Beau Larkin 2021-12-06

Description

This is an addendum to the vegetation sampling guidance report produced in early 2021. The purpose here is to produce some graphics and supporting summaries about how vegetation cover changes over the course of a season, and how we can handle, reduce, or otherwise manage it with surveys at MPG Ranch.

Resources

Packages, libraries, and functions

Packages and multiple data sources must be added to the local environment before knitting this notebook.

# Quick-loading resources
packages_needed = c("tidyverse", "knitr", "rjson", "lubridate", "bigrquery", "devtools", "ggmap", "colorspace")
packages_installed = packages_needed %in% rownames(installed.packages())
if (any(!packages_installed))
  install.packages(packages_needed[!packages_installed])
for (i in 1:length(packages_needed)) {
  library(packages_needed[i], character.only = T)
}

API keys

API keys for data access are pulled from local resources and are not available in the hosted environment. Code not shown here.

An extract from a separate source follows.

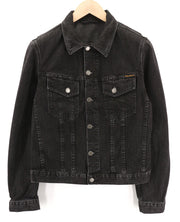 NUDIE JEANS Perry Organic Black Stone Men Jacket M Denim Black Faded Cotton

Global functions and styles: theme_bgl

# Load text file from local working directory
source(paste0(getwd(), "/styles.txt"))

Data

Survey metadata

meta_sql <- 
  "
  SELECT *
  FROM `mpg-data-warehouse.vegetation_point_intercept_gridVeg.gridVeg_survey_metadata`
  "
meta_bq <- bq_project_query(billing, meta_sql)
meta_tb <- bq_table_download(meta_bq)
meta_df <- as.data.frame(meta_tb)

Grid point metadata

gp_meta_sql <-
  "
  SELECT *
  FROM `mpg-data-warehouse.grid_point_summaries.location_position_classification`
  "
gp_meta_bq <- bq_project_query(billing, gp_meta_sql)
gp_meta_tb <- bq_table_download(gp_meta_bq)
gp_meta_df <- as.data.frame(gp_meta_tb)

Any-hit plant cover data

Plant species and cover data from point-intercept surveys in 2011-12, 2016, and 2021. Plant data are joined with survey metadata to filter the data to the survey periods with the greatest effort (2011-12, 2016, and 2021). Data are simplified and summarized to show sums of cover in plant functional groups at each date of annual surveys.

cvr_sql <-
  "
  SELECT *
  FROM `mpg-data-warehouse.vegetation_gridVeg_summaries.gridVeg_foliar_cover_all`
  WHERE type3_vegetation_indicators = 'uncultivated grassland native or degraded'
  "
cvr_bq <- bq_project_query(billing, cvr_sql)
cvr_tb <- bq_table_download(cvr_bq)
cvr_df <- 
  as.data.frame(cvr_tb) %>%
  filter(survey_sequence %in% c("2011-12", "2016", "2021"), 
         plant_native_status %in% c("native", "nonnative"), 
         plant_life_cycle %in% c("annual", "perennial"), 
         plant_life_form %in% c("forb", "graminoid")) %>% 
  select(survey_ID, survey_sequence, grid_point, plant_name_common, plant_native_status, plant_life_cycle, plant_life_form, intercepts_pct) %>% 
  left_join(meta_df %>% select(survey_ID, date), by = "survey_ID") %>% 
  mutate(doy = yday(date)) %>% 
  group_by(grid_point, survey_sequence, doy, plant_native_status, plant_life_cycle, plant_life_form) %>% 
  summarize(cvr_pct = sum(intercepts_pct), .groups = "drop")

Top-hit plant cover data

top_sql <-
  "
  SELECT *
  FROM `mpg-data-warehouse.vegetation_gridVeg_summaries.gridVeg_foliar_cover_top`
  "
top_bq <- bq_project_query(billing, top_sql)
top_tb <- bq_table_download(top_bq)
top_df <- as.data.frame(top_tb) 
spe_meta_sql <-
  "
  SELECT key_plant_species, key_plant_code, plant_native_status, plant_life_cycle, plant_life_form, plant_name_sci, plant_name_common
  FROM `mpg-data-warehouse.vegetation_species_metadata.vegetation_species_metadata`
  "
spe_meta_bq <- bq_project_query(billing, spe_meta_sql)
spe_meta_tb <- bq_table_download(spe_meta_bq)
spe_meta_df <- as.data.frame(spe_meta_tb)
top_cvr_df <- top_df %>% 
  left_join(spe_meta_df, by = "key_plant_species") %>% 
  left_join(meta_df %>% select(survey_ID, date), by = "survey_ID") %>% 
  left_join(gp_meta_df %>% select(grid_point, type3_vegetation_indicators), by = "grid_point") %>% 
  filter(survey_sequence %in% c("2011-12", "2016", "2021"), 
         plant_native_status %in% c("native", "nonnative"), 
         plant_life_cycle %in% c("annual", "perennial"), 
         plant_life_form %in% c("forb", "graminoid"),
         type3_vegetation_indicators == "uncultivated grassland native or degraded") %>% 
  mutate(doy = yday(date)) %>% 
  group_by(grid_point, survey_sequence, doy, plant_native_status, plant_life_cycle, plant_life_form) %>% 
  summarize(top_cvr_pct = sum(top_intercepts_pct), .groups = "drop")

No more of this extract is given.